Restos de carne limpos com amônia e vendidos livremente viram alvo de polêmica; indústria contra-ataca com campanhas
Três das quatro fábricas norte-americanas de um tipo de carne processada ("lean beef trimmings", ou restos de carne de vaca) devem ser fechadas, após uma onda de críticas iniciada pelo chef britânico Jamie Oliver.
A onda de críticas colocou em xeque a própria existência do "lean beef trimming" - conhecido popularmente como "pink slime", ou "gosma rosa": Será que a carne vai ser extinta ou simplesmente acabará sendo relançada com um novo nome?
A polêmica começou em 2011, quando Jamie Oliver mostrou, em programa transmitido nos EUA, como era fabricada boa parte dos hambúrgueres do país: com carne processada feita de restos de cortes mais nobres - a qual, em décadas anteriores, seria usada apenas para alimentar cachorro.

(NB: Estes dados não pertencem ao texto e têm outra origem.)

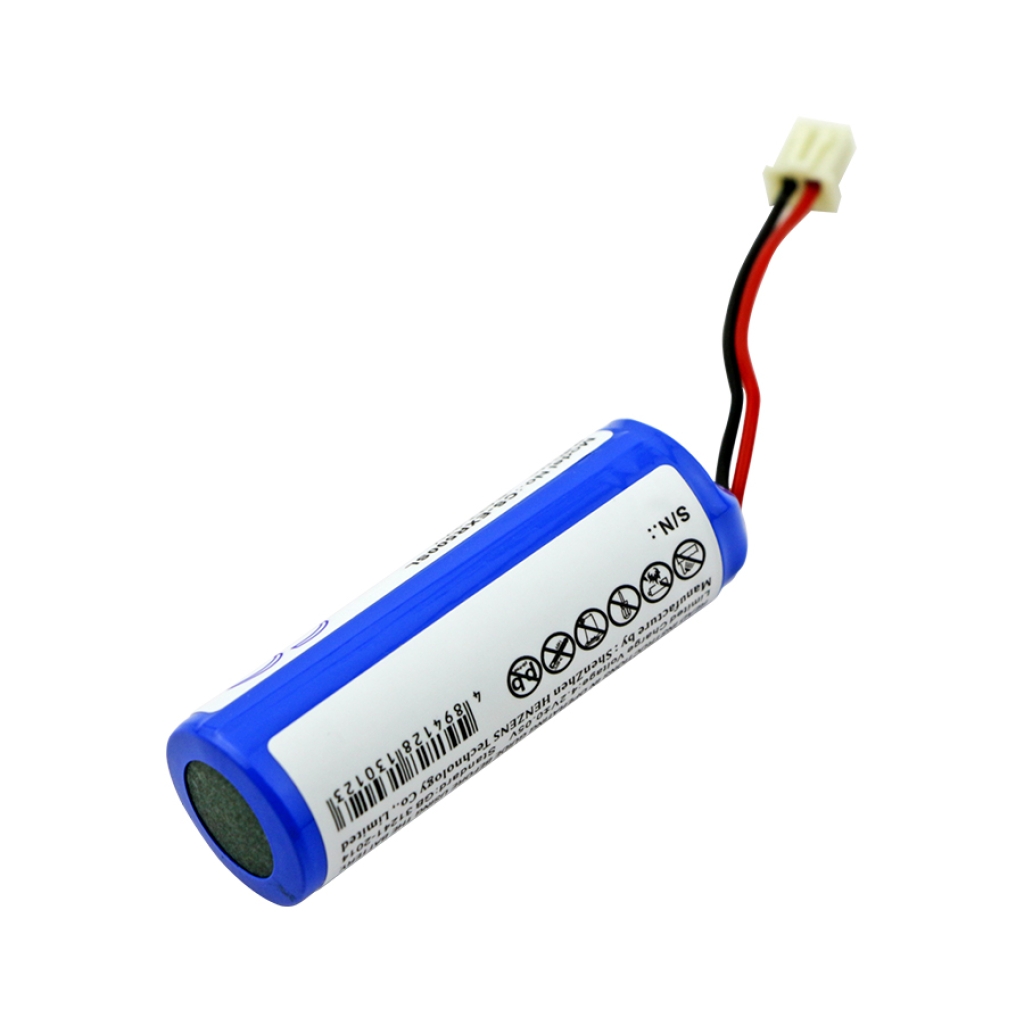 Akkumulátorok Helyettesíti a BATT-37V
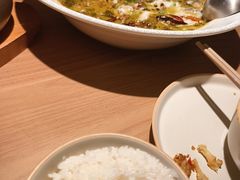 -新太二·鲜料川菜(晶耀前滩店)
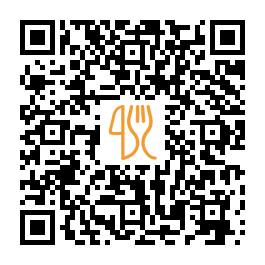 Enlace de código QR al menú de Distillery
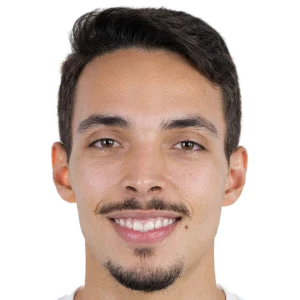 Gian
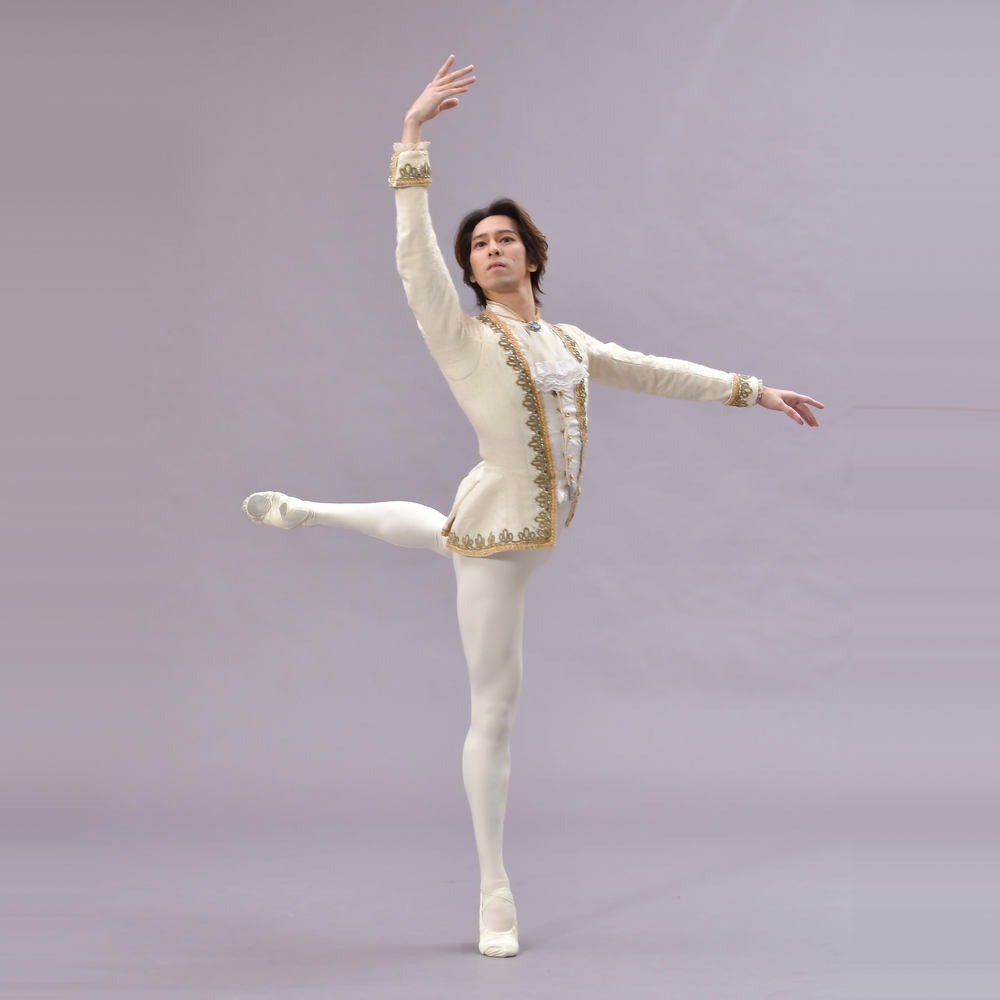 法村友井バレエ団 バレエの祭典【法村友井バレエ団】 | 尼崎市総合文化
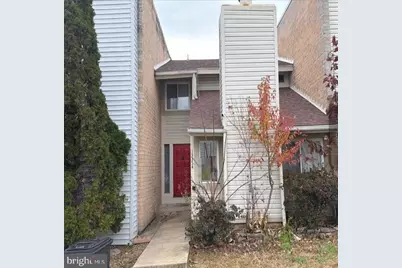 13354 Feldman Place, Herndon, VA 20170 - Photo 1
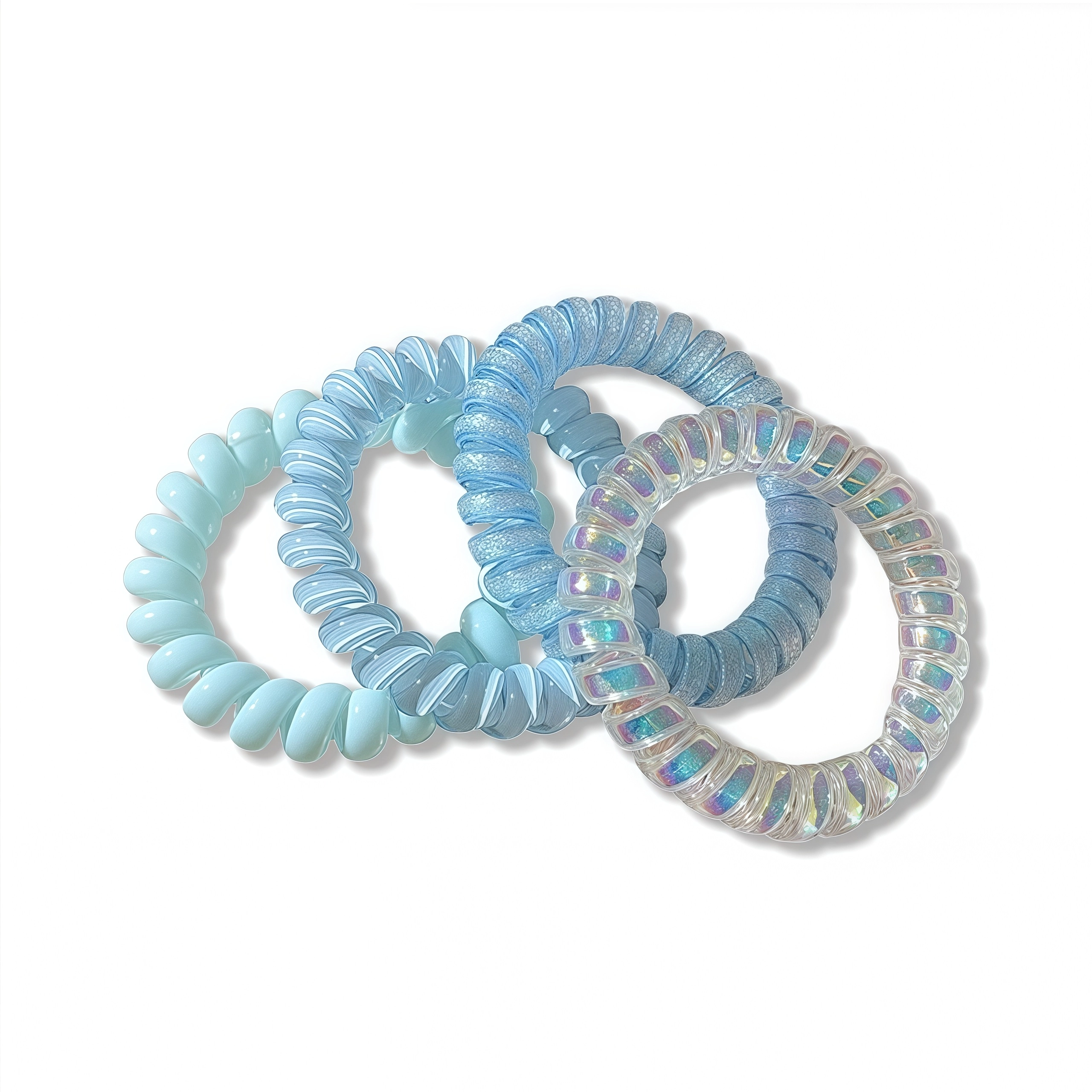 JOINT CANDY ins TPU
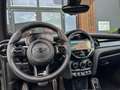 MINI John Cooper Works Mini 2.0 JCW Pack F1 aut 231pk/Camera/Pano/Hk/Unie Groen - thumbnail 8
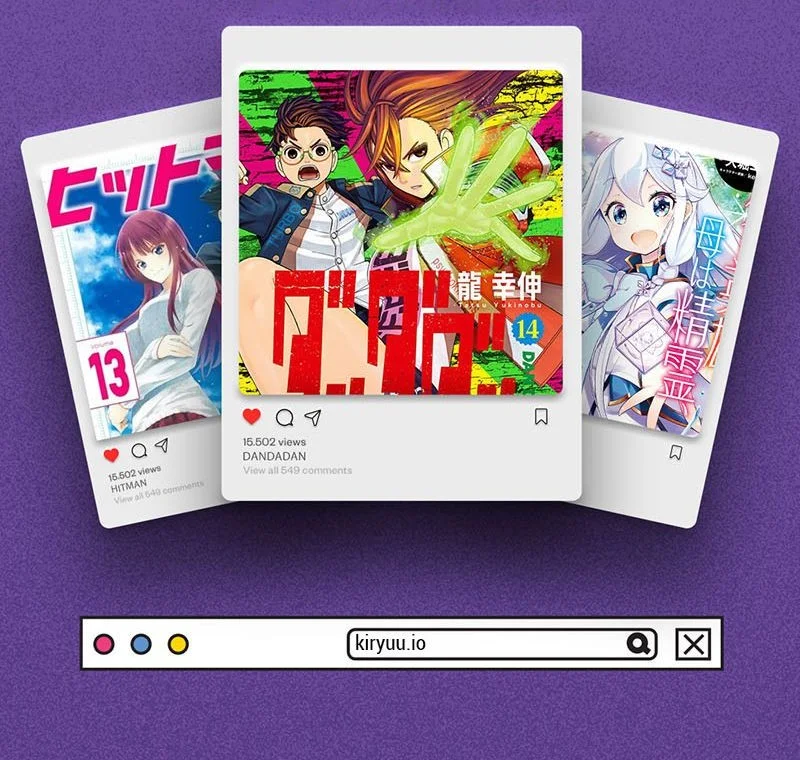 monopolizing all opportunities chapter 36 - Page 71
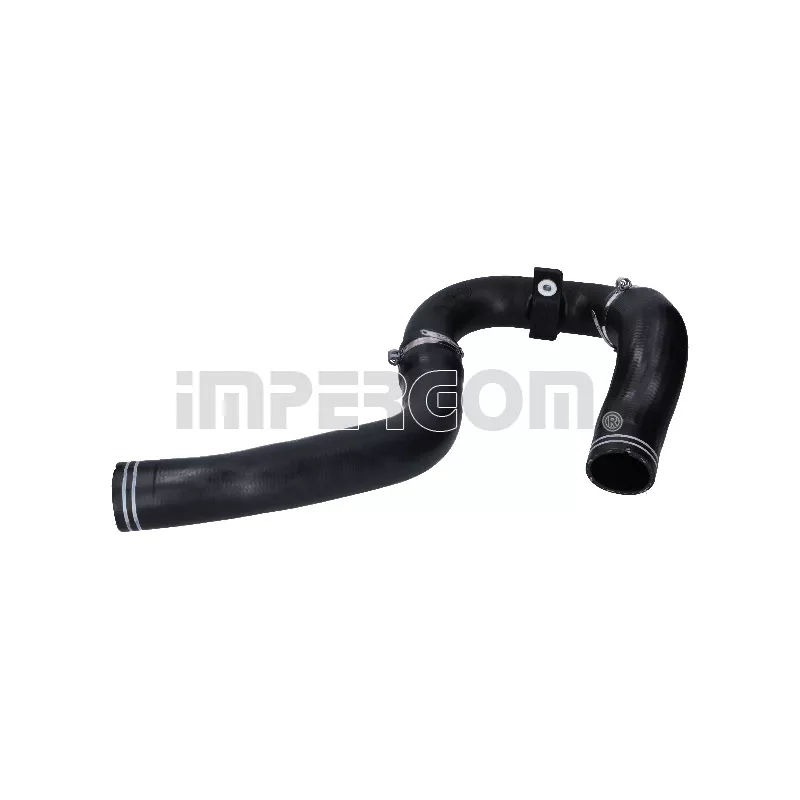 Gaine de suralimentation ORIGINAL IMPERIUM 19248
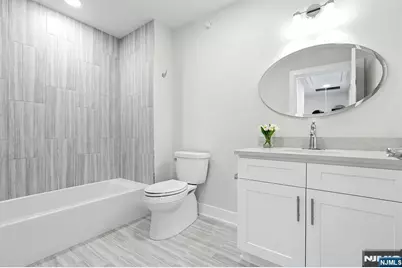 194 Canterbury Avenue, North Arlington, NJ 07031 - Photo 24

Mas, com um processo que, segundo Oliver, inclui a limpeza com amônia, ela se transforma em hambúrgueres que são vendidos em diversas escolas públicas, redes de fast-food e restaurantes americanos.
A limpeza com amônia foi reproduzida por Oliver em seu programa, diante de uma plateia que assistia a tudo com expressão de asco na face.
Em reação, grandes cadeias de supermercado, restaurantes e algumas escolas públicas resolveram proibir a "gosma rosa".
Perda de empregos
Mas a consequente perda de 850 postos de trabalho em fábricas de "gosma rosa", num momento em que os EUA lutam contra uma alta taxa de ociosidade, despertou a ira de uma parte da opinião pública americana e protestos contra Oliver.
O chef britânico se tornou o principal alvo das críticas por ter sido ele quem provavelmente mais fez força para colocar a "gosma rosa" em debate nos EUA, ainda que o tema tenha sido tratado também por um programa de TV da conhecida jornalista Diane Sawyer.
O Departamento de Agricultura do país acabou permitindo que escolas removam produtos contendo a "pink slime" de suas cantinas, acatando pedido de um abaixo-assinado online com mais de 200 mil assinaturas.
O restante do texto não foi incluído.